§ **ACTIVITY**: Return every entry exactly, except for any pictures.

□ □ □ □

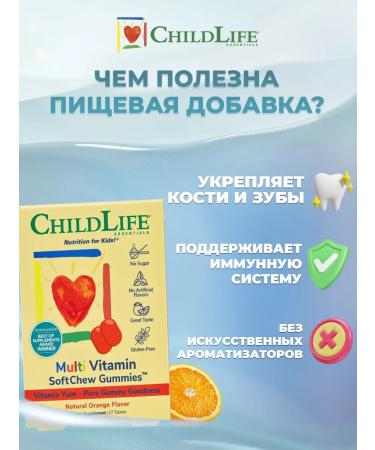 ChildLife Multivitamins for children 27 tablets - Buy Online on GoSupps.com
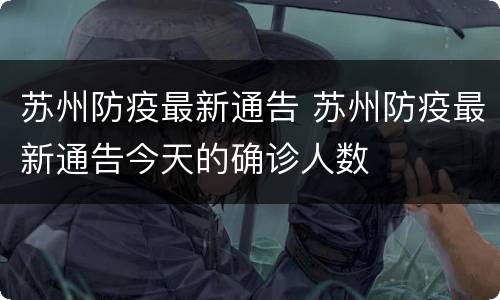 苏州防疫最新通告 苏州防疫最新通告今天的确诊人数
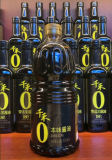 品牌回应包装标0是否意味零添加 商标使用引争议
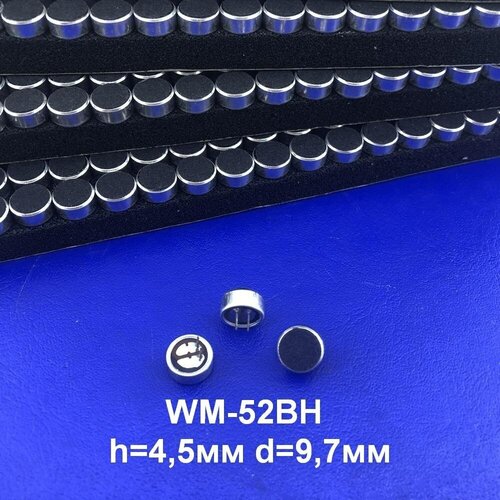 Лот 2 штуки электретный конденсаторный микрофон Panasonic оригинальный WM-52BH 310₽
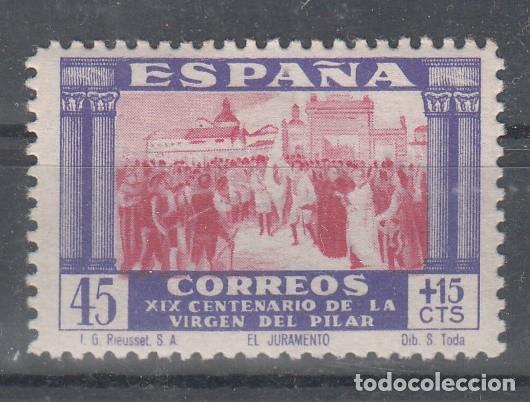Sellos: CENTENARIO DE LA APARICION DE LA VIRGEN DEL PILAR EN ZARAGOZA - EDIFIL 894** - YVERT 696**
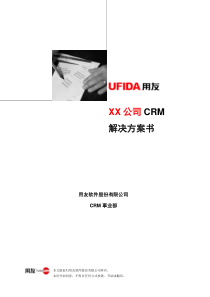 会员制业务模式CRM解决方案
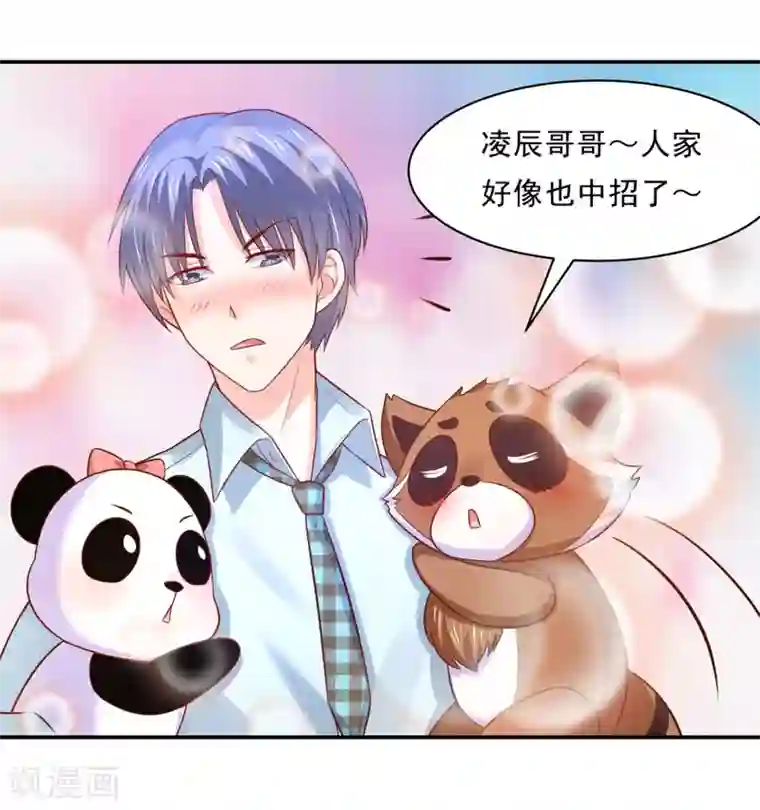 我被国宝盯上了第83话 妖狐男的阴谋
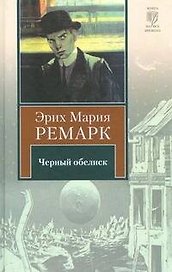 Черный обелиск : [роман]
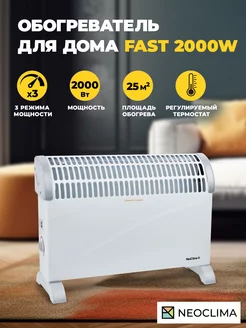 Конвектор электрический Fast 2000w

□ □ □ □

§ **RESPONSE FOR THIS EXERCISE**:
 ChildLife Multivitamins for children 27 tablets - Buy Online on GoSupps.com
 苏州防疫最新通告 苏州防疫最新通告今天的确诊人数
 品牌回应包装标0是否意味零添加 商标使用引争议
 Лот 2 штуки электретный конденсаторный микрофон Panasonic оригинальный WM-52BH 310₽
Sellos: CENTENARIO DE LA APARICION DE LA VIRGEN DEL PILAR EN ZARAGOZA - EDIFIL 894** - YVERT 696**
 会员制业务模式CRM解决方案
 我被国宝盯上了第83话 妖狐男的阴谋
 Черный обелиск : [роман]
 Конвектор электрический Fast 2000w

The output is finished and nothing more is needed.